His father was George Formby Sr, who was also a comedian and singer. He was called "The Wigan Nightingale". He died when his son was 17. [1]
Formby went on the music hall stage when his father died. He carried on his father's act. In 1924 he married Beryl Ingham. She was also in music hall and she became his manager. He started recording songs in 1926 and, from 1934, he made movies. In the movies he played gormless Lancastrian innocents who would beat a villain, and win the love of an attractive middle-class girl. His songs often had ambiguous sexual content which he sung with a toothy grin and air of innocence [2] His song When I'm Cleaning Windows was banned by the BBC in 1936. The director general John Reith said "if the public wants to listen to Formby singing his disgusting little ditty, they'll have to be content to hear it in the cinemas, not over the nation's airwaves". He later sang it before the King and Queen at the Royal Variety Performance. It was unbanned.[3]
During the Second World War he worked all over the world for the Entertainments National Service Association. In his first film of 1940, Let George Do It!, In a dream he goes to a Nuremberg Rally and punches Hitler. It was very popular and was shown in Russia and the USA. [4]
He recorded more than 200 songs. 1946 song "With My Little Stick of Blackpool Rock" was one of the most successful. It was also considered rude and a BBC manager in 1946 said "We have no record that 'With My Little Stick of Blackpool Rock' is banned. We do however know, and so does Formby, that certain lines in the lyric must not be broadcast". [5]
References
change- ↑ "Famous Comedian Dead". The Dundee Courier. Dundee. 9 February 1921. p. 5.

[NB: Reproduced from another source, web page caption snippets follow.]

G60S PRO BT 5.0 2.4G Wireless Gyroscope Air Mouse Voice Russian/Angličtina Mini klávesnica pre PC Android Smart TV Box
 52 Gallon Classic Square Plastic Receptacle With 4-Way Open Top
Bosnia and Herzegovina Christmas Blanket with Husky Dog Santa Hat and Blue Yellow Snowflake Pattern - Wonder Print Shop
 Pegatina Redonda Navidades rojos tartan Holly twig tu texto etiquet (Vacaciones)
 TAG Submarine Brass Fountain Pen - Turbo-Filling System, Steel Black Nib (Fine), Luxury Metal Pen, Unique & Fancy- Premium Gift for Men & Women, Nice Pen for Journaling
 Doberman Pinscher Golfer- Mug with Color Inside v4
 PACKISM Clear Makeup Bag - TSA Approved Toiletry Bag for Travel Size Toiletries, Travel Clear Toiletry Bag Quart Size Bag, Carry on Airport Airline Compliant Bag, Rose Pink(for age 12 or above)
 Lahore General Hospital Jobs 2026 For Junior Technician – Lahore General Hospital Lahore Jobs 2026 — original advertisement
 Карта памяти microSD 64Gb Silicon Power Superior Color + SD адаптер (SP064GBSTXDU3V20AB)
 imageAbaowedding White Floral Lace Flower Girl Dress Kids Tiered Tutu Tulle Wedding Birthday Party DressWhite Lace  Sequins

- ↑ "BFI Screenonline: Formby, George (1904-1961) Biography". www.screenonline.org.uk. Retrieved 2023-11-30.
- ↑ Smart, Sue; Bothway Howard, Richard (2011). It's Turned Out Nice Again!: The Authorized Biography of the Two George Formbys, Father and Son. Ely, Cambridgeshire: Melrose Books. pp. 124–126, 159. ISBN 978-1-907732-59-1.
- ↑ Richards, Jeffrey (2010). The Age of the Dream Palace: Cinema and Society in 1930s Britain. London: I.B. Tauris. ISBN 978-1-84885-122-1.
- ↑ Leigh, Spencer (14 December 2007). "Unfit for Auntie's airwaves: The artists censored by the BBC". The Independent. London.